*** Records supplied
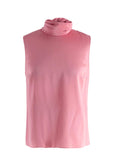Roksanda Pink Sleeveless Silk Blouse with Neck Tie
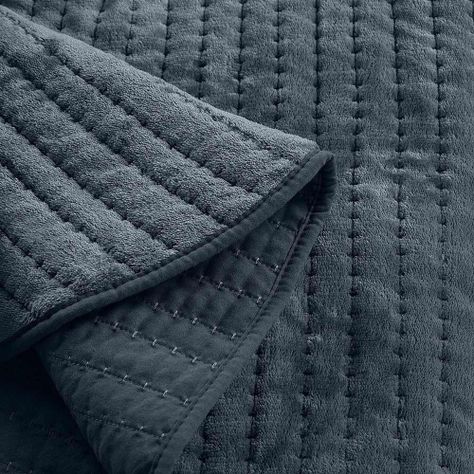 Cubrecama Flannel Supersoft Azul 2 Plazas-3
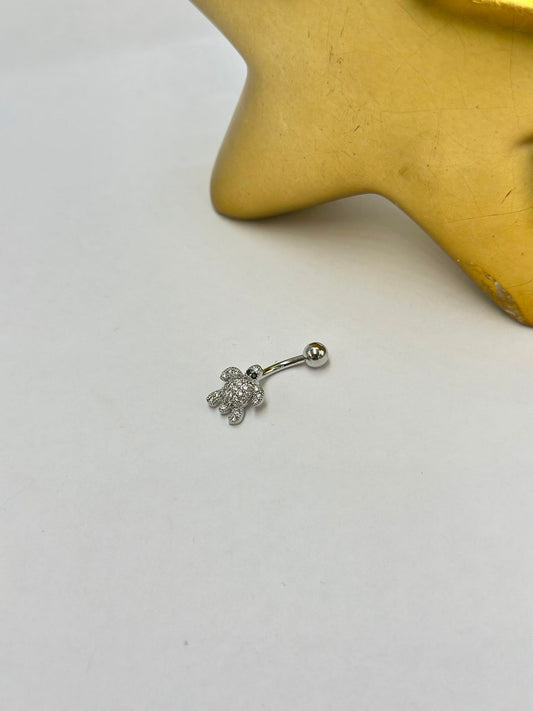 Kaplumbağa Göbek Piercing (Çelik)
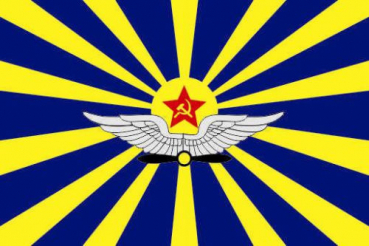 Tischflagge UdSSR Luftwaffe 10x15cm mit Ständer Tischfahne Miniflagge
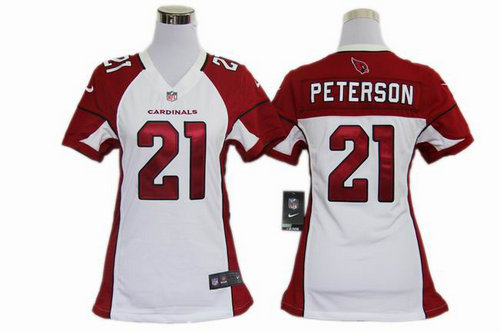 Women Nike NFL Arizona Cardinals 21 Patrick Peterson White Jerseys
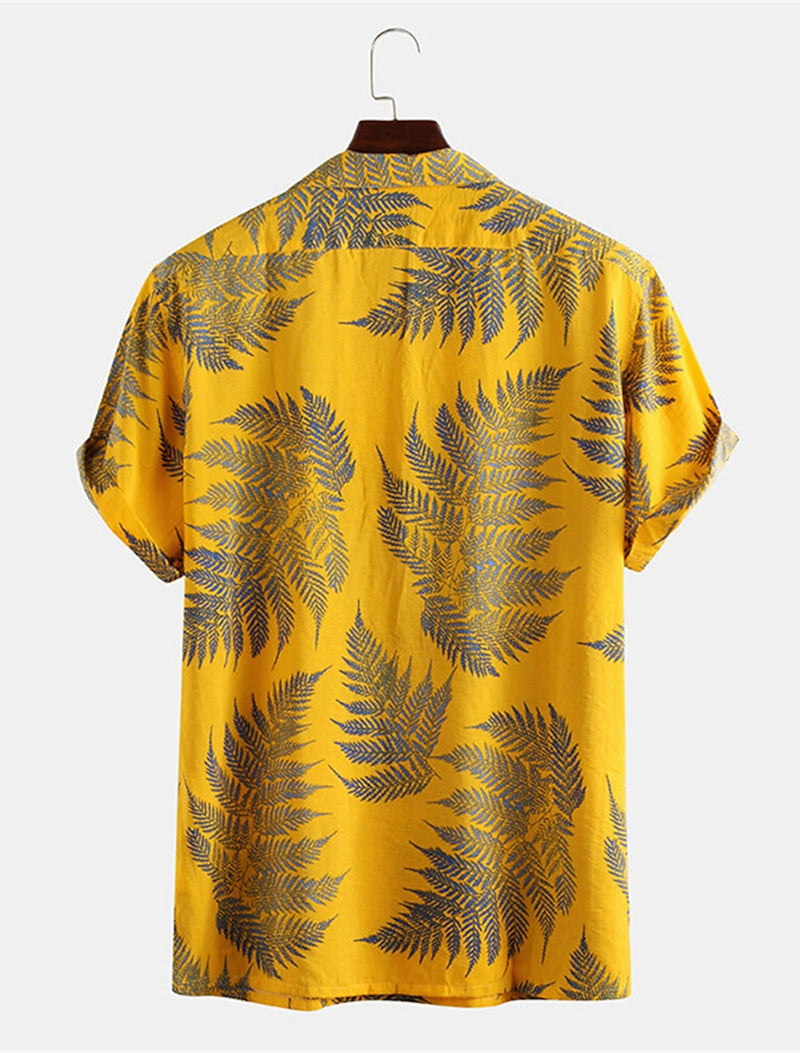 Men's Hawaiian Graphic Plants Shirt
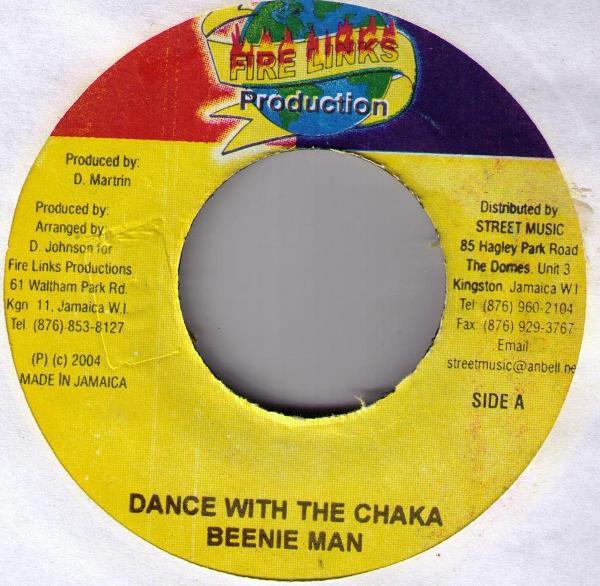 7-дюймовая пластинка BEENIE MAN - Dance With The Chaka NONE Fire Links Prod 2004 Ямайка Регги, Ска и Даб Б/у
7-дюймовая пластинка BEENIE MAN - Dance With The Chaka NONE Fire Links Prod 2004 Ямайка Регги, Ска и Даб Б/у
******
*** Records supplied
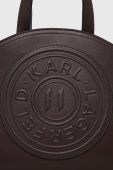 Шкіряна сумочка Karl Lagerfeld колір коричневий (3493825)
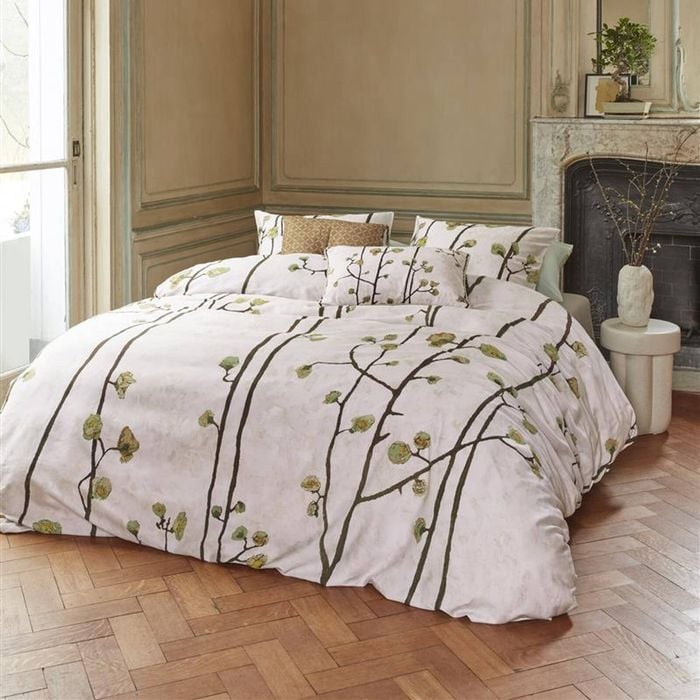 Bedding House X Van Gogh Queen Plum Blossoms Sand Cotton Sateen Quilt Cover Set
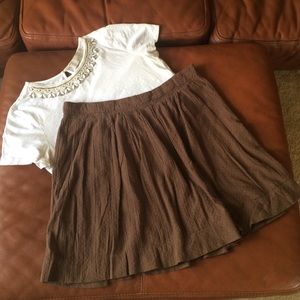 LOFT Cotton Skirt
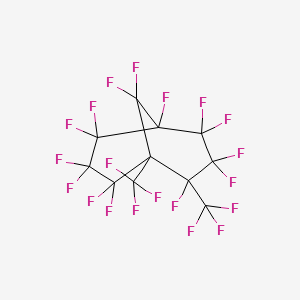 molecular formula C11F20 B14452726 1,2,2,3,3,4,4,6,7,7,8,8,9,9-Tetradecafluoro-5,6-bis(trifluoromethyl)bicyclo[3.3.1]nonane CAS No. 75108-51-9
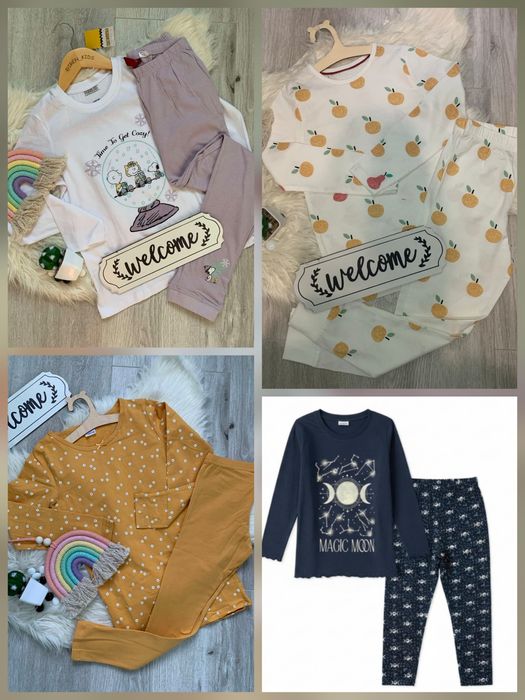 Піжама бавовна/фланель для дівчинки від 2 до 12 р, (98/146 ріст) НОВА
******
Instructions to follow
What you return must match the lines above from the one with "Roksanda Pink Sleeveless" through the one with "Women Nike NFL" exactly, with both ends included and the pictures excluded.

Answer to this exercise
Roksanda Pink Sleeveless Silk Blouse with Neck Tie
 Cubrecama Flannel Supersoft Azul 2 Plazas-3
 Kaplumbağa Göbek Piercing (Çelik)
 Tischflagge UdSSR Luftwaffe 10x15cm mit Ständer Tischfahne Miniflagge
 Women Nike NFL Arizona Cardinals 21 Patrick Peterson White Jerseys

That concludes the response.